**WORK REQUIRED**
Copying rule for the data below: take the line containing "Tenisice i cipele" and every line after it to the end, exactly, and drop all pictures.

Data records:
---

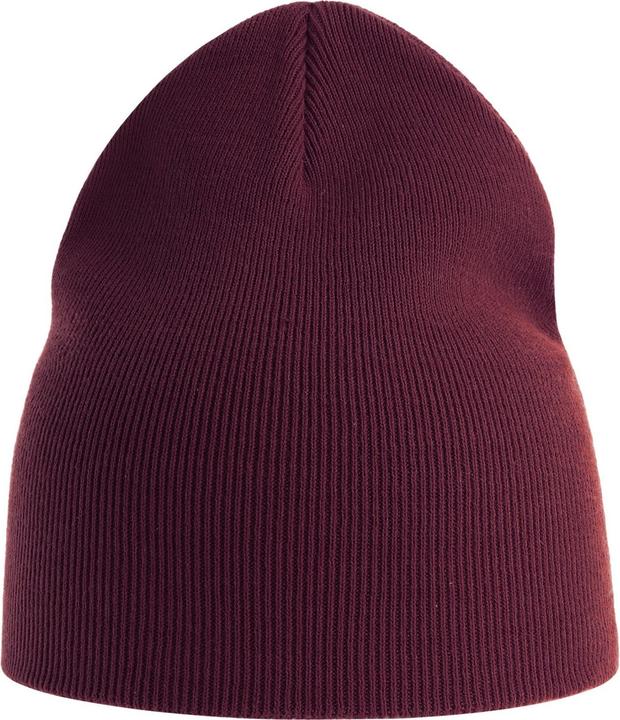 Immagine prodotto Atlantis Yala Berretto Adulto Unisex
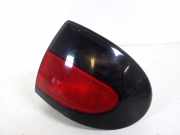 Lampenträger Heckleuchte rechts Renault Megane I (BA) 7700838531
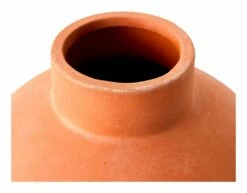 Lila Bud Vases -Home Decoration Sales Shop HG163942 alt5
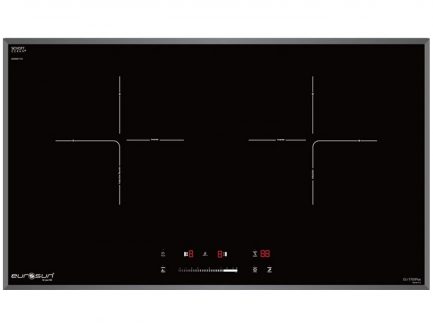 Bếp từ Eurosun EU-T705PLUS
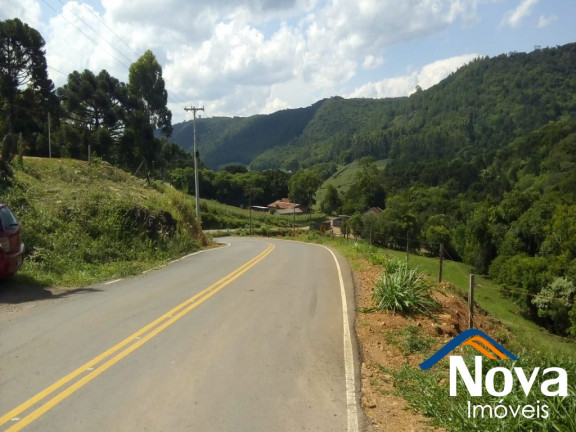 Imagem Imóvel à Venda, em Nove Colônias - Nova Petrópolis Imagem Imóvel à Venda, em Nove Colônias - Nova Petrópolis
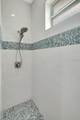 15350 Ancel Circle - Photo 39
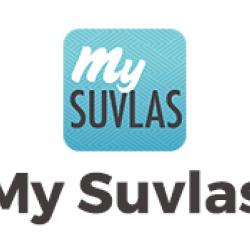 My Suvlas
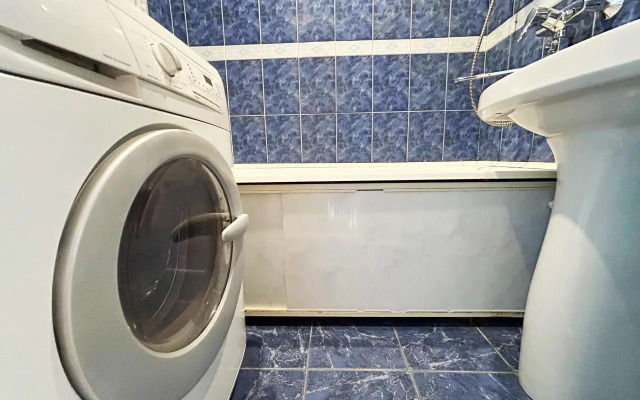 На Север на улице Карла Маркса 45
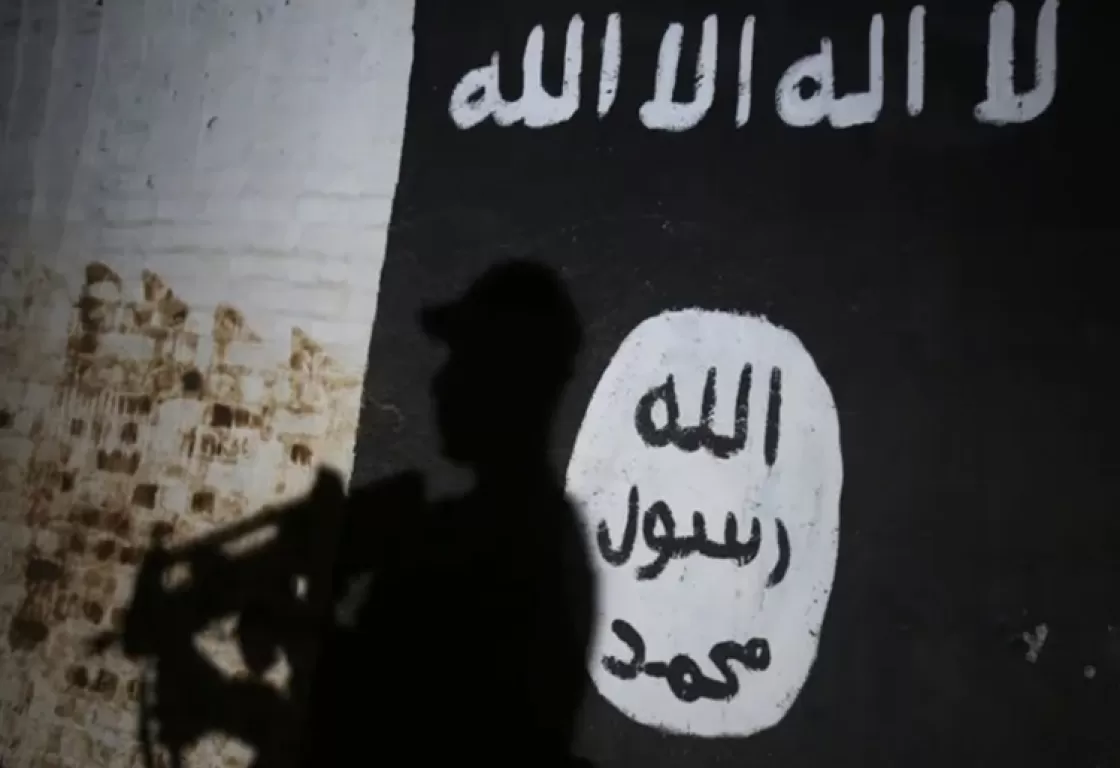إعلان مقتل أخطر الإرهابيين في العالم... من هو (أبو خديجة)؟ إعلان مقتل أخطر الإرهابيين في العالم... من هو (أبو خديجة)؟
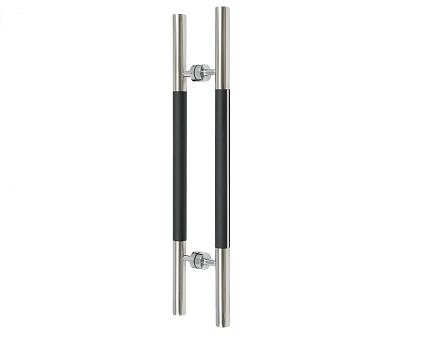 圓管系列 HE-9035~40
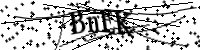 Please type the letters below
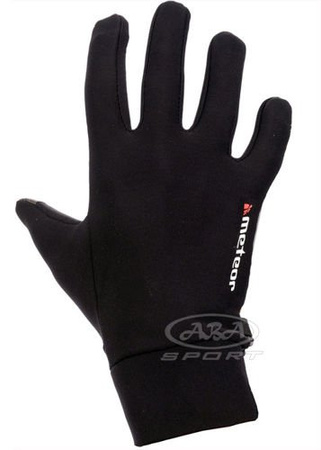 Rękawice zimowe Touch Point WX 300 Meteor 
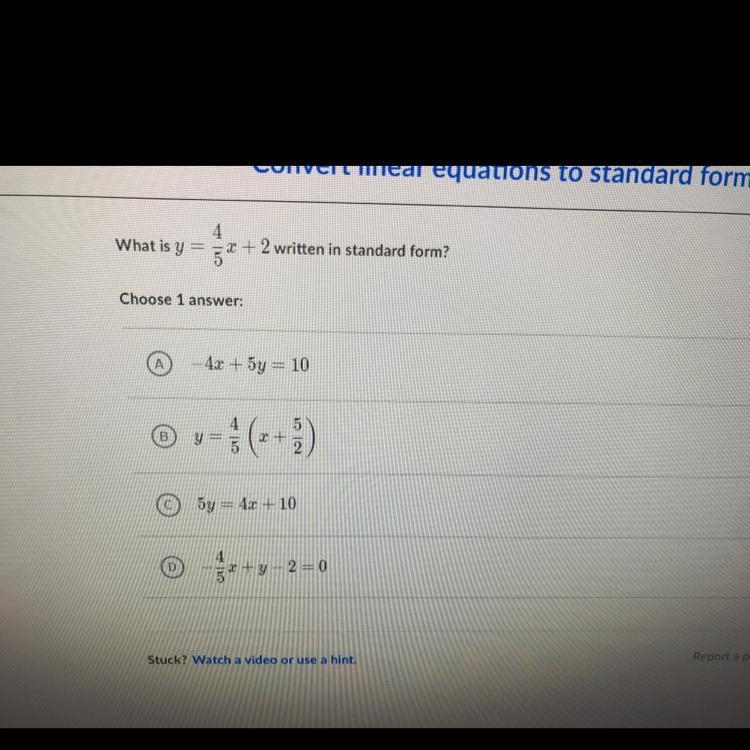 Question is In the image no need for step by step just the answer-example-1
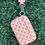 Thumbnail: The Honey Wristlets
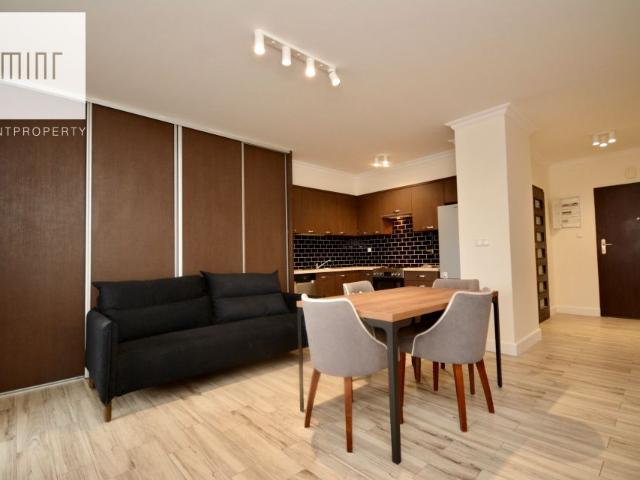 Ul. Iwonicka 56 m², Rzeszów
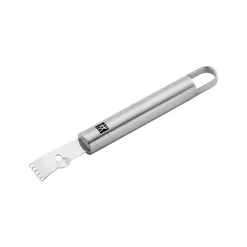 Rallador de limones Zwilling Pro, 17 cm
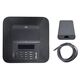 CP-8832-3PCC-K9 Cisco Powerful IP Phone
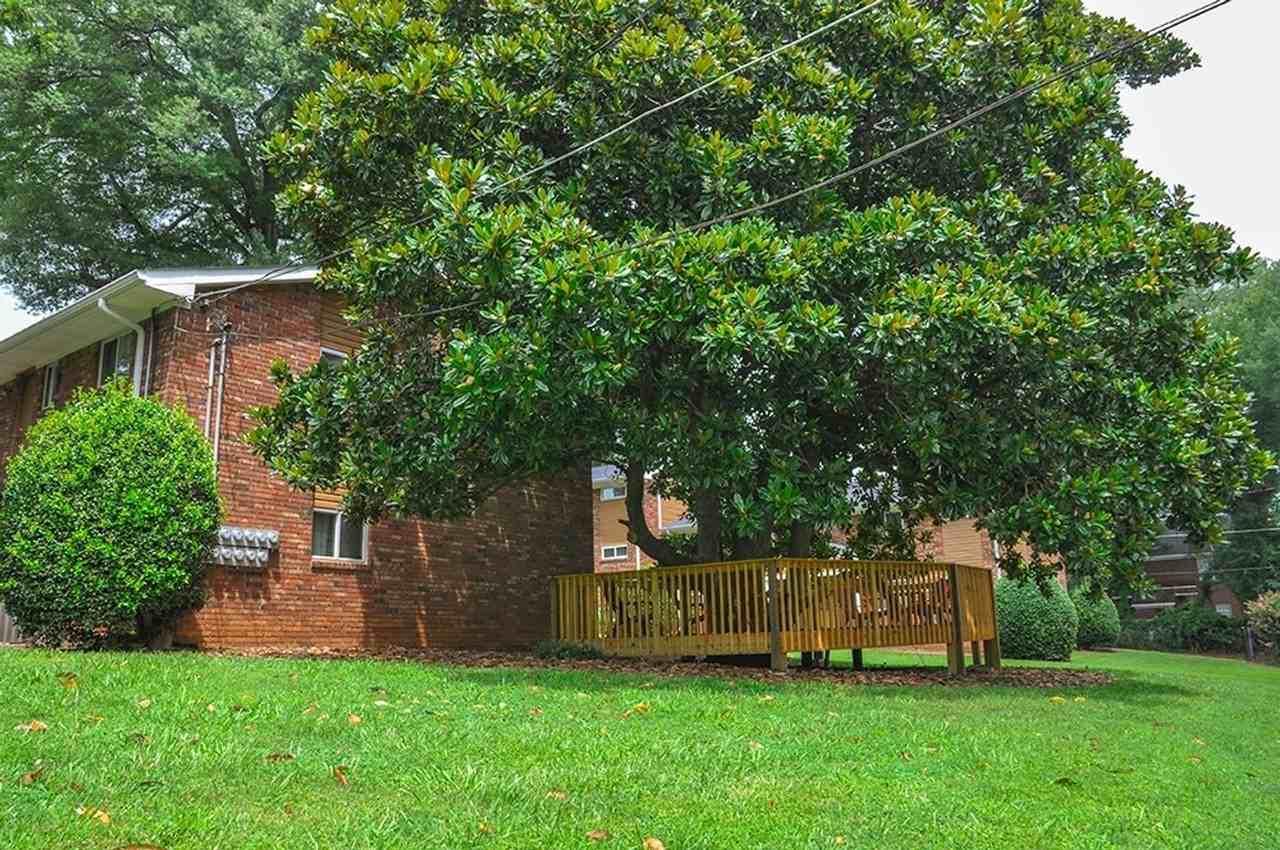 $500 OFF ON YOUR 1ST MONTH RENT! FULLY RENOVATED WITH STAINLESS STEEL APPLIANCES! - Photo 7 of 24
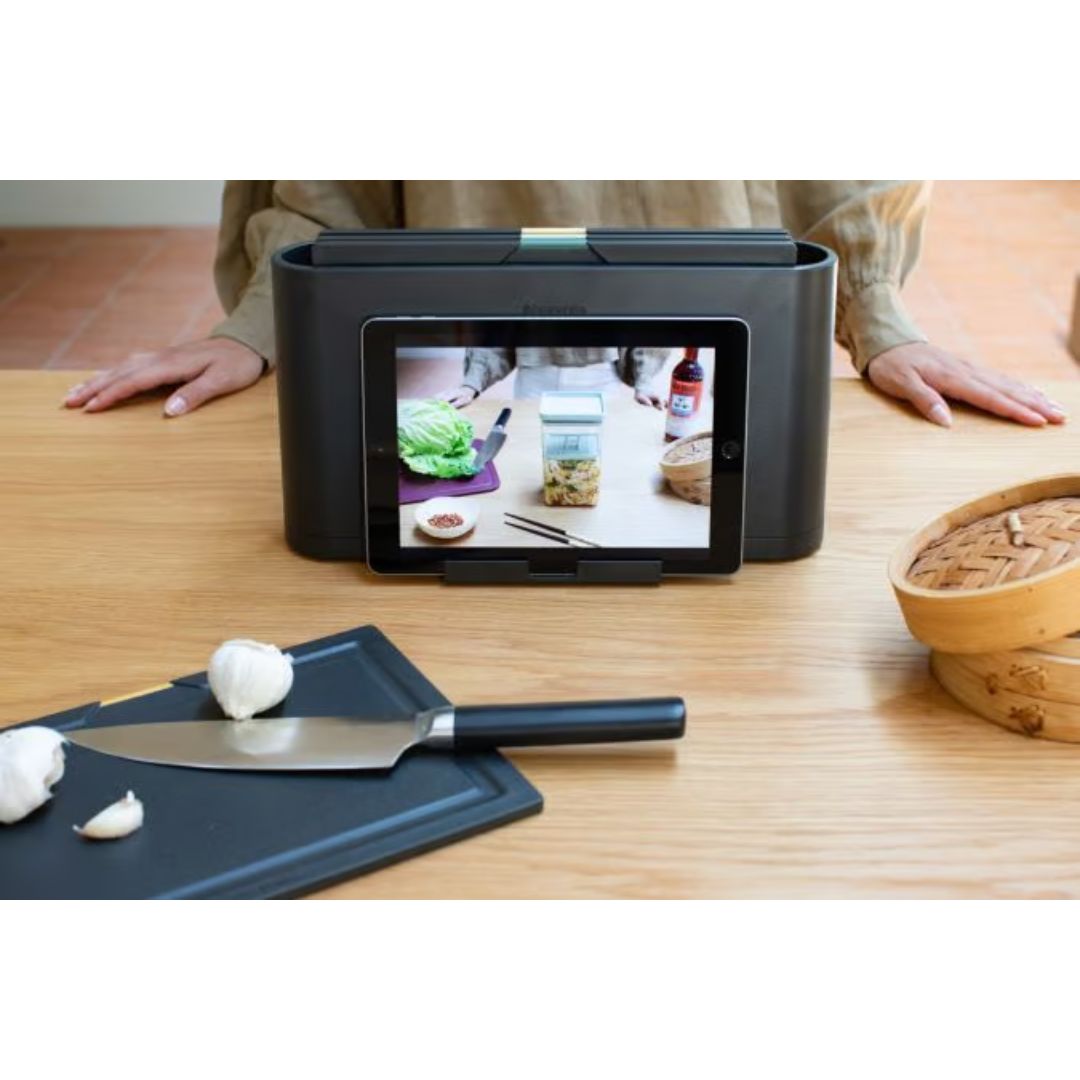 f4e5a355e780feb6be5d70206dbfa0c6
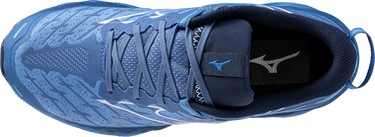 Tenisice i cipele Mizuno WAVE MUJIN 10 Plava | j1gk247022, 3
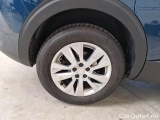  Peugeot  5008 PEUGEOT  / 2020 / 5P / SUV BLUEHDI 130 ACTIVE BUSINESS EAT8 S/S AUT #18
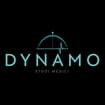 Logo Dynamo Consulenza Srl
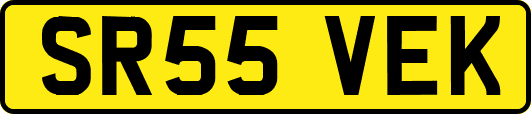 SR55VEK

---

**WORKED SOLUTION**
 Tenisice i cipele Mizuno WAVE MUJIN 10 Plava | j1gk247022, 3
  Peugeot  5008 PEUGEOT  / 2020 / 5P / SUV BLUEHDI 130 ACTIVE BUSINESS EAT8 S/S AUT #18
 Logo Dynamo Consulenza Srl
 SR55VEK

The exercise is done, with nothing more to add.